### MATERIAL SHOWN:
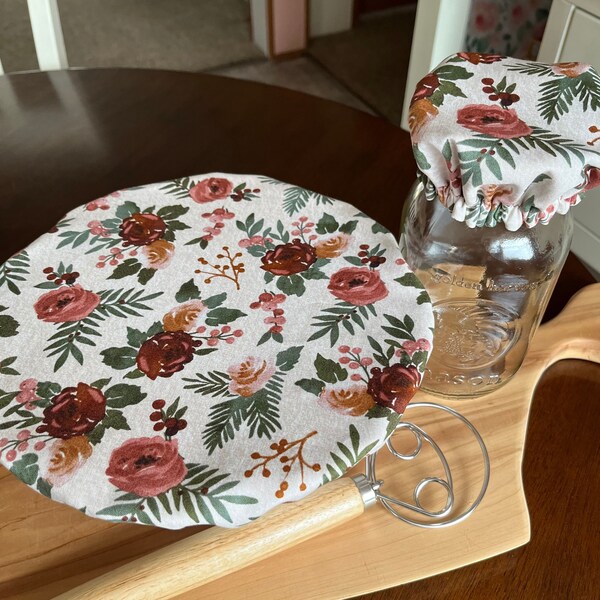 Cotton fabric bowl and jar cover, sourdough starter topper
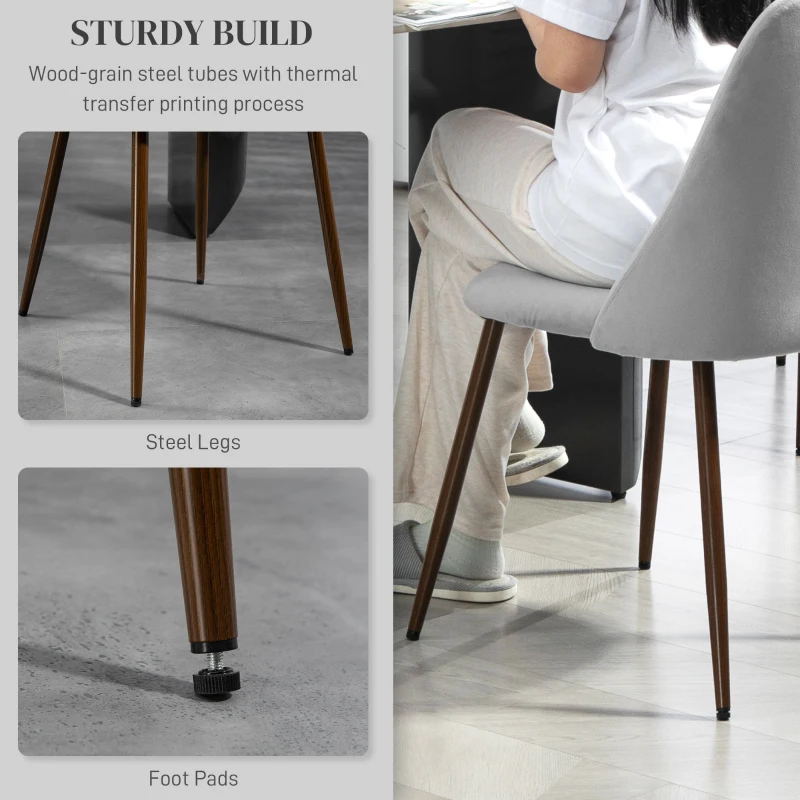 HOMCOM Upholstered Dining Chairs Set of 6, Velvet Accent Chair with Back and Wood-grain Steel Leg for Kitchen, Grey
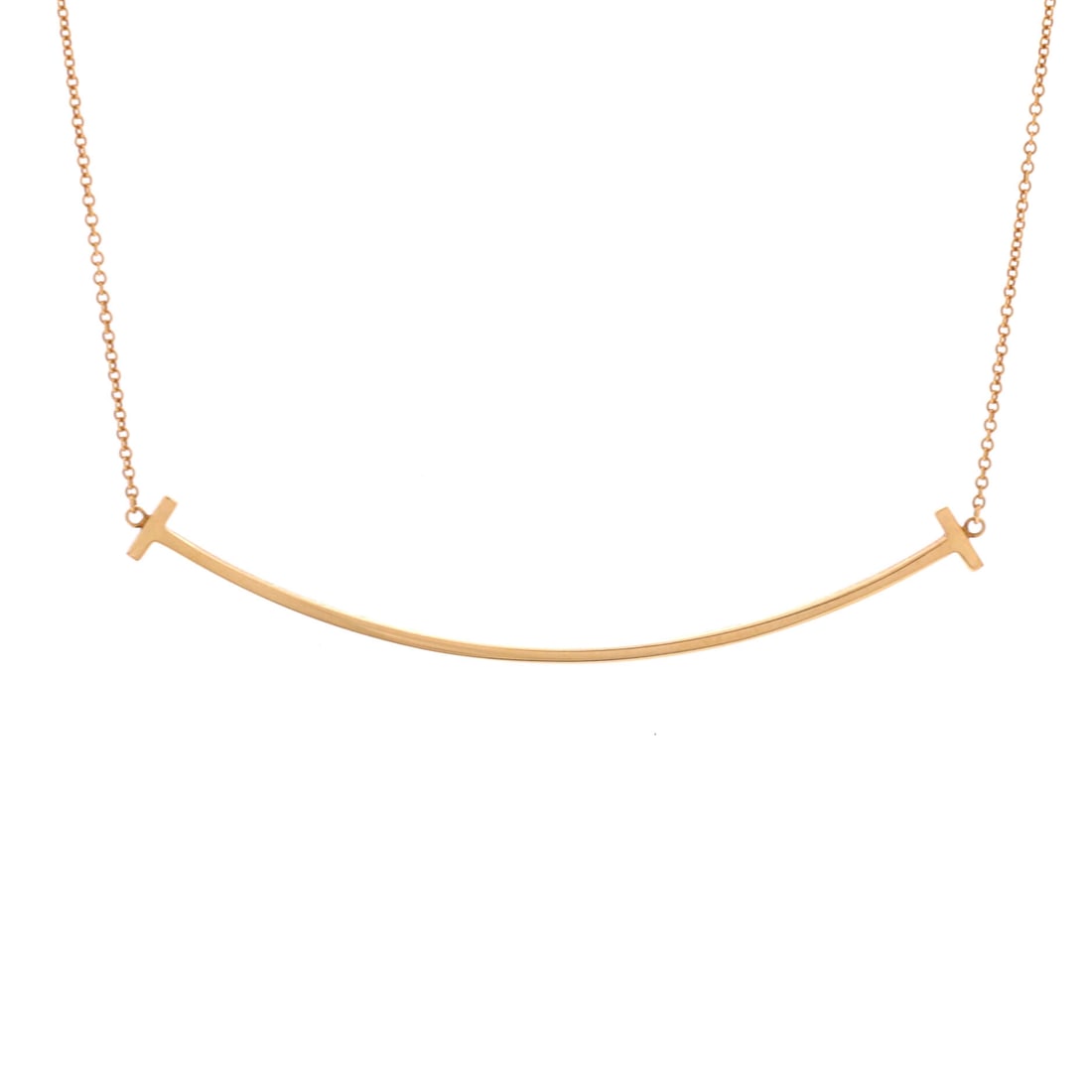 Tiffany & Co. T Smile Pendant Necklace 18K Rose Gold Large Rose Gold (1 of 4)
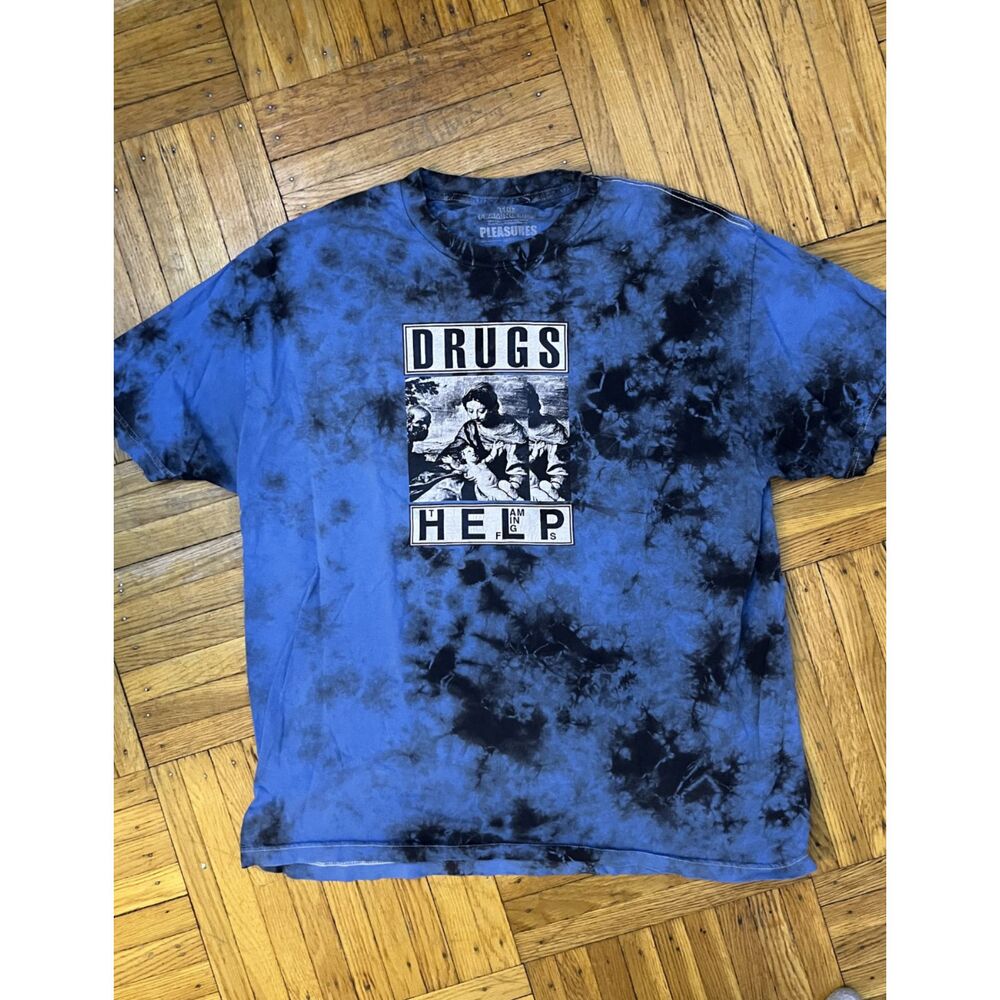 Limited Edition Flaming Lips x Pleasures "Drugs Help" Tie-Dye Graphic Tee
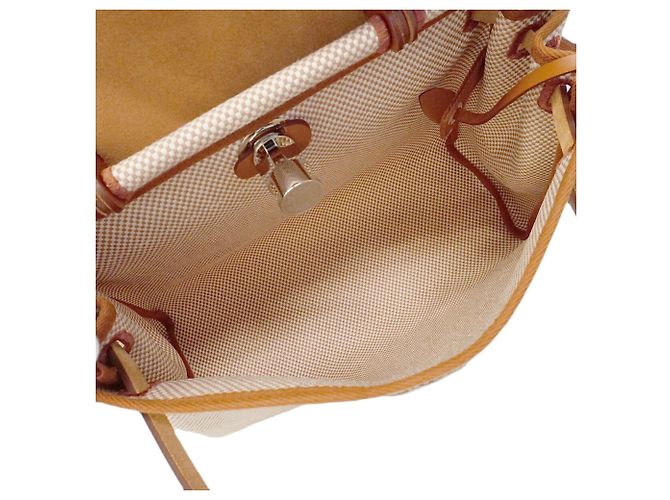 Hermès Borsa 2-way Hermes Herbag Zip PM Toile GM Gold G Stamp D'oro - vista 4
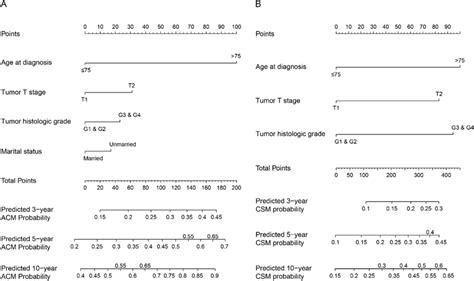 The Nomogram For Predicting The And Year Os A And Css B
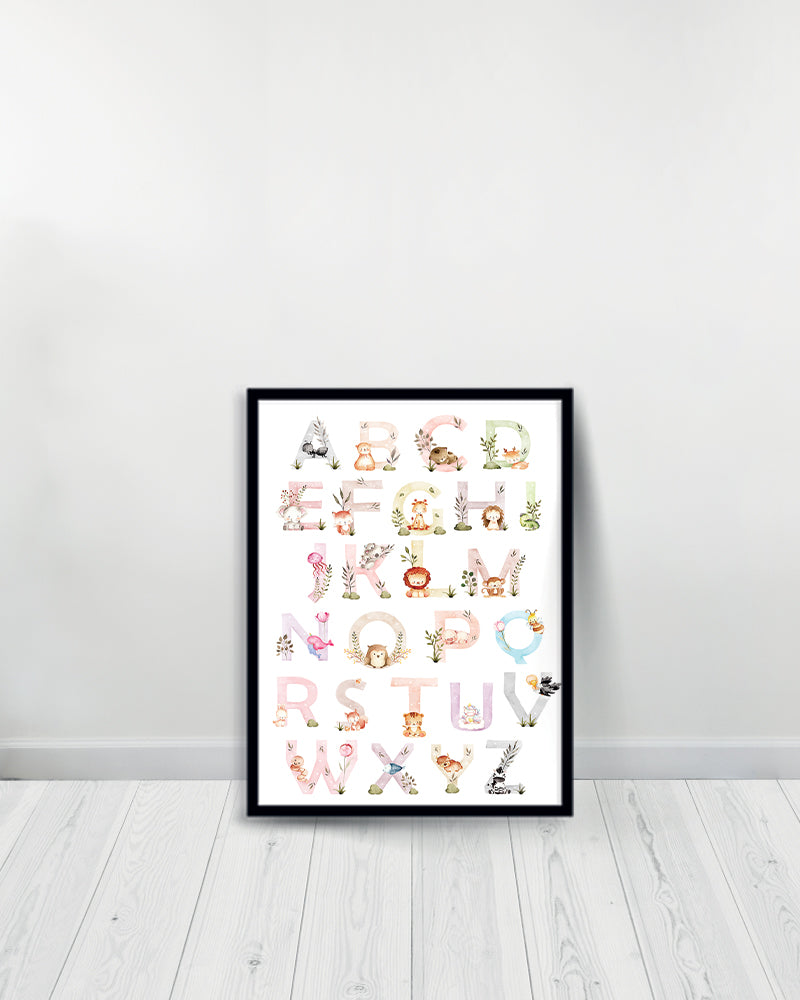 Ensemble de 2 Tableaux décoratifs - Chiffres | Alphabet Animaux - Noir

### WORK ORDER:
Omit the pictures, then give every record back exactly as it stands.

### COMPLETED TASK:
 Cotton fabric bowl and jar cover, sourdough starter topper
 HOMCOM Upholstered Dining Chairs Set of 6, Velvet Accent Chair with Back and Wood-grain Steel Leg for Kitchen, Grey
 Tiffany & Co. T Smile Pendant Necklace 18K Rose Gold Large Rose Gold (1 of 4)
 Limited Edition Flaming Lips x Pleasures "Drugs Help" Tie-Dye Graphic Tee
 Hermès Borsa 2-way Hermes Herbag Zip PM Toile GM Gold G Stamp D'oro - vista 4
 The Nomogram For Predicting The And Year Os A And Css B
 Ensemble de 2 Tableaux décoratifs - Chiffres | Alphabet Animaux - Noir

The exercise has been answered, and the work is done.